Cuando fui a Xiamen, pensé en lo que le había sucedido a Luoding.
Sin embargo, durante los siguientes días de investigación, nunca le conté a nadie lo que pensaba.
Debido a la experiencia de Luo Ding, la policía supo después del accidente automovilístico que, sin que yo lo mencionara, y dado lo absurdo de la situación...
No puede utilizarse como base para una investigación formal.
Además, después del incidente, subí y bajé varias veces en ese ascensor dentro del edificio.
No tenía nada de inusual.
Sin embargo, finalmente recordé la experiencia de Luo Ding, porque la desaparición de Xiao Guo fue demasiado extraña, tan extraña que...
Esto me hizo darme cuenta de que no podíamos encontrarlo por los canales habituales; debía haber giros inesperados que jamás hubiéramos imaginado.
¡Adentro!
Así que decidí visitar Luoding.
Fui a la empresa para la que trabajaba, que era una gran organización comercial. Los empleados no tenían permitido reunirse con particulares durante el horario laboral.
El cliente era alguien a quien conocía personalmente. Por suerte, soy dueño de una empresa de importación y exportación, y ellos organizaron una reunión conmigo en ese gran aeropuerto con la excusa de hablar de negocios.
Luo Ding fue visto en la sala de recepción del edificio.
En apariencia, parecía una persona normal, de unos cuarenta años, un empleado veterano en una gran organización y con cierta formación académica.
Tiene un estilo de vida determinado; es típico de este tipo de persona, salvo por las dos cicatrices recién curadas en sus mejillas.
Eso quedó atrás después de que él y Xiao Guo tuvieran su accidente automovilístico.

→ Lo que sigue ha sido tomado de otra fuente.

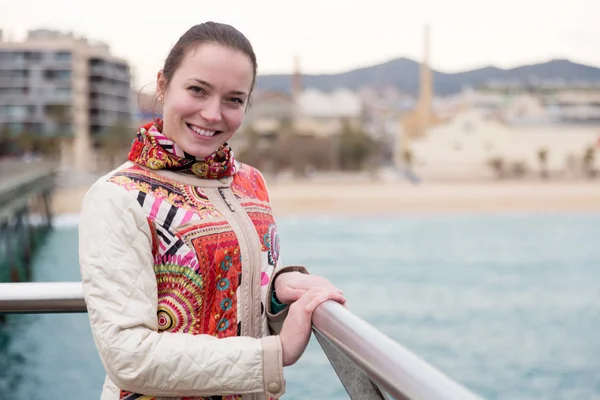 Fille en plein air et yachts — Photo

Luo Ding desconocía el verdadero motivo de mi visita. Primero hablamos de algunos asuntos de negocios, y él me lo dijo sin rodeos...
No podían ofrecerme ninguna ayuda, así que cambié de tema: "Señor Luo, oí que una vez, en un gran..."
¿Alguna vez has tenido una experiencia aterradora en un ascensor en Xiamen?
La expresión de Luo Ding cambió al instante y se puso de pie. Si no fuera por su buena educación, que le impedía perder los estribos, creo que habría...
Estaba furioso.
Se quedó allí de pie, con el rostro pálido como la muerte, durante un buen rato antes de decir finalmente: "¡Adiós, señor Wei!".